This page documents the GGML backend abstraction layer: the set of types, interface structs, and registration mechanisms that allow GGML to execute tensor operations on different hardware targets through a uniform API. It covers the type hierarchy, the vtable pattern used by each backend, and the registry that discovers and loads backends at startup.
For details on specific backend implementations, see:
For how the backend scheduler distributes computation graph nodes across multiple backends during inference, see pages 3.4 and 3.7.
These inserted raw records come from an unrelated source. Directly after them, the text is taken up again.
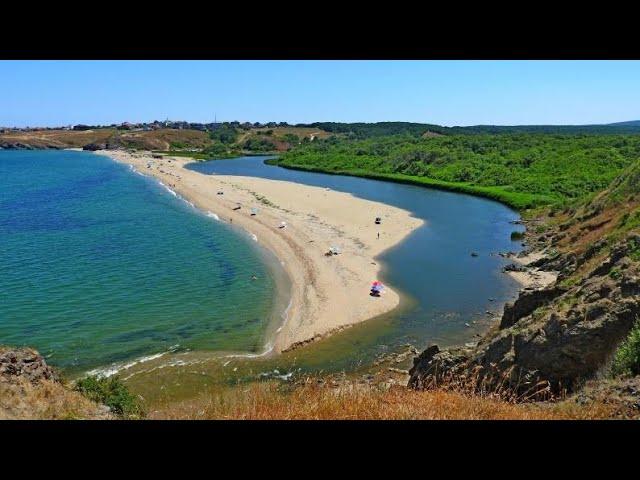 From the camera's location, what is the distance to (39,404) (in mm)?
8484

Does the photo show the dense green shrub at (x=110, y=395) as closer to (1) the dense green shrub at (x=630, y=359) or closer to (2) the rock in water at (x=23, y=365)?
(2) the rock in water at (x=23, y=365)

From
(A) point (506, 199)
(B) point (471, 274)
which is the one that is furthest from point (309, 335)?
(A) point (506, 199)

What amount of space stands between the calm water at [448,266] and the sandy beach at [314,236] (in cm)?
173

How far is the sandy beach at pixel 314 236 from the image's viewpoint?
98.8 feet

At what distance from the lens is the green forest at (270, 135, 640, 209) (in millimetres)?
73938

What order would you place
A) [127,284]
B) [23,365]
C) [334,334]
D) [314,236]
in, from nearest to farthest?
[23,365] < [334,334] < [127,284] < [314,236]

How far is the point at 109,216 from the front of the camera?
6231 cm

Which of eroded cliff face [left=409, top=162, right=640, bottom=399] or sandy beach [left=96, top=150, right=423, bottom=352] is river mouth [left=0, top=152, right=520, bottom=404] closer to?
sandy beach [left=96, top=150, right=423, bottom=352]

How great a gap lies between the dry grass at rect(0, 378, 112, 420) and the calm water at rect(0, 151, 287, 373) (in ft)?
44.7

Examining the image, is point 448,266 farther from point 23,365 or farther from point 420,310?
point 23,365

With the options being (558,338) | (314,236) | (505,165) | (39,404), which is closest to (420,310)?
(558,338)

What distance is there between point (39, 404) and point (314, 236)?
1658 inches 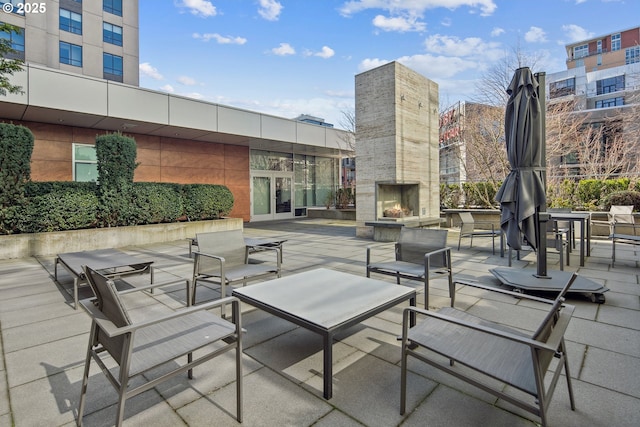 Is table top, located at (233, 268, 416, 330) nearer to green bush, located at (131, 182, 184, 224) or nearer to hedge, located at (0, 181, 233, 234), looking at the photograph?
hedge, located at (0, 181, 233, 234)

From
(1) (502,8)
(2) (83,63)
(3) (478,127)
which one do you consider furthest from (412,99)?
(2) (83,63)

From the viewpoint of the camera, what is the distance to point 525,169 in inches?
172

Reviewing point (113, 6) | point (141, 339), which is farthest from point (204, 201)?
point (113, 6)

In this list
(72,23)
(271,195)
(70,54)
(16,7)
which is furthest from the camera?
(70,54)

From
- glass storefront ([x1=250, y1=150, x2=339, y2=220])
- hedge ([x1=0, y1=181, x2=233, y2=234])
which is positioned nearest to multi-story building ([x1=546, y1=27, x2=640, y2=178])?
glass storefront ([x1=250, y1=150, x2=339, y2=220])

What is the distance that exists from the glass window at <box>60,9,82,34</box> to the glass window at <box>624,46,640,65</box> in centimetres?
6837

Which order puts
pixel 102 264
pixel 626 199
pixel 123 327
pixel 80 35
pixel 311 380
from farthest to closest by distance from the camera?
pixel 80 35 < pixel 626 199 < pixel 102 264 < pixel 311 380 < pixel 123 327

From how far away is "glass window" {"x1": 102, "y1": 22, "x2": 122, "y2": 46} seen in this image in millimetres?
30312

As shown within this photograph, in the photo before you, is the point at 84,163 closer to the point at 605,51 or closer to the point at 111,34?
the point at 111,34

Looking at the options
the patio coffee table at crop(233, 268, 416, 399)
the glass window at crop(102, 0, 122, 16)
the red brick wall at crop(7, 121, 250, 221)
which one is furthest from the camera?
the glass window at crop(102, 0, 122, 16)

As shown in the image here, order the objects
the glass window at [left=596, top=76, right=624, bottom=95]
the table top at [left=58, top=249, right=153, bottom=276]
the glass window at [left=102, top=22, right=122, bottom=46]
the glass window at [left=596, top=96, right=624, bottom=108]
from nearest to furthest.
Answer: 1. the table top at [left=58, top=249, right=153, bottom=276]
2. the glass window at [left=102, top=22, right=122, bottom=46]
3. the glass window at [left=596, top=96, right=624, bottom=108]
4. the glass window at [left=596, top=76, right=624, bottom=95]

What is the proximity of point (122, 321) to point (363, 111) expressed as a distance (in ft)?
32.0

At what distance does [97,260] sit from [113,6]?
35535 mm

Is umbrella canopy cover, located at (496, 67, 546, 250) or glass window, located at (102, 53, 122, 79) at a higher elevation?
glass window, located at (102, 53, 122, 79) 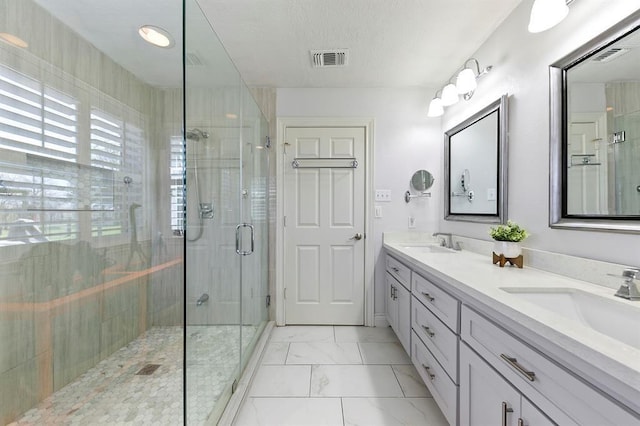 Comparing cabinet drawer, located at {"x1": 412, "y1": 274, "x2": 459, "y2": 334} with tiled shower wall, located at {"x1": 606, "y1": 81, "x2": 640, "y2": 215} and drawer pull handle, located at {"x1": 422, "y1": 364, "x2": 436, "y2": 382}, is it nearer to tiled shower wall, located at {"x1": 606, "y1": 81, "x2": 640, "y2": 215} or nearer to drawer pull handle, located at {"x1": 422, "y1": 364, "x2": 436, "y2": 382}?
drawer pull handle, located at {"x1": 422, "y1": 364, "x2": 436, "y2": 382}

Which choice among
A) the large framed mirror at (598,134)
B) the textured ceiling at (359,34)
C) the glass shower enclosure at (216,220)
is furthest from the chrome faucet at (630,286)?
the glass shower enclosure at (216,220)

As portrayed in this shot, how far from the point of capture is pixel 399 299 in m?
2.20

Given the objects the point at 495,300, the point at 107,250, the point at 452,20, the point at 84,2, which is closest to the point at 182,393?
the point at 107,250

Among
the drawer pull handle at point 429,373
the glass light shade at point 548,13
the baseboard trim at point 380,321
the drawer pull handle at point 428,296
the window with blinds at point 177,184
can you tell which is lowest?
the baseboard trim at point 380,321

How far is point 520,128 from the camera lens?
164 cm

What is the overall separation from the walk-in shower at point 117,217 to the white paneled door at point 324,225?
36.1 inches

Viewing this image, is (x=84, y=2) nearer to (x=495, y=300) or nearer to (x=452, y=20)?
(x=452, y=20)

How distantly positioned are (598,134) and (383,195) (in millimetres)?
1672

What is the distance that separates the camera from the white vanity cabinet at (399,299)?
197 cm

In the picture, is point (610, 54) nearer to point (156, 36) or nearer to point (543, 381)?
point (543, 381)

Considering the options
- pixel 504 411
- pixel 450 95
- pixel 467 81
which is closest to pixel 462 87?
pixel 467 81

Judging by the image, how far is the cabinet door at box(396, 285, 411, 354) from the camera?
1.95 metres

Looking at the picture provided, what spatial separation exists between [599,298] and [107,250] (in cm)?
229

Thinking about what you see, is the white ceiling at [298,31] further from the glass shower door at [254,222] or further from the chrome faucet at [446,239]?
the chrome faucet at [446,239] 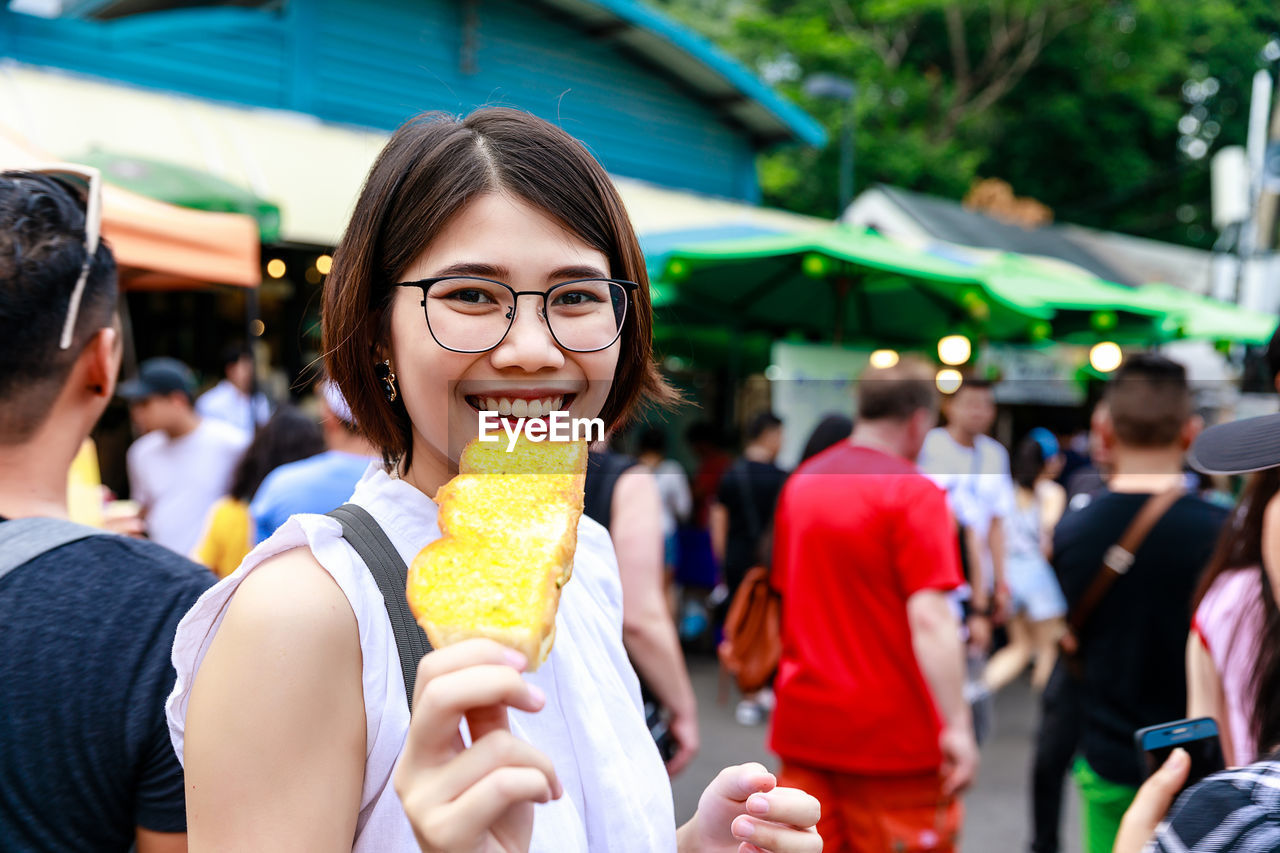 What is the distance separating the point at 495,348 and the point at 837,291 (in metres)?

The backend system is organized around five distinct opaque types, each defined alongside a corresponding interface struct (vtable):
| Opaque Handle | Concrete Struct | Interface Struct | Role |
|---|---|---|---|
ggml_backend_reg_t | ggml_backend_reg | ggml_backend_reg_i | A compiled-in or dynamically loaded backend plugin |
ggml_backend_dev_t | ggml_backend_dev | ggml_backend_dev_i | A specific physical device (e.g., GPU 0, GPU 1) |
ggml_backend_buffer_type_t | ggml_backend_buffer_type | ggml_backend_buffer_type_i | Describes how memory is allocated for a device |
ggml_backend_buffer_t | ggml_backend_buffer | ggml_backend_buffer_i | An allocated region of device memory |
ggml_backend_t | ggml_backend | ggml_backend_i | A running compute context bound to a device |
Each opaque handle is a pointer to a concrete struct that contains the vtable (iface) and a backend-specific context pointer. Backends populate these structs at construction time.
Type Hierarchy and Derivation
Sources: ggml/src/ggml-backend-impl.h ggml/include/ggml-backend.h
Each type's behavior is defined by a C struct of function pointers. Backends implement these structs. The GGML core never casts to a concrete backend type; it only calls through the vtable.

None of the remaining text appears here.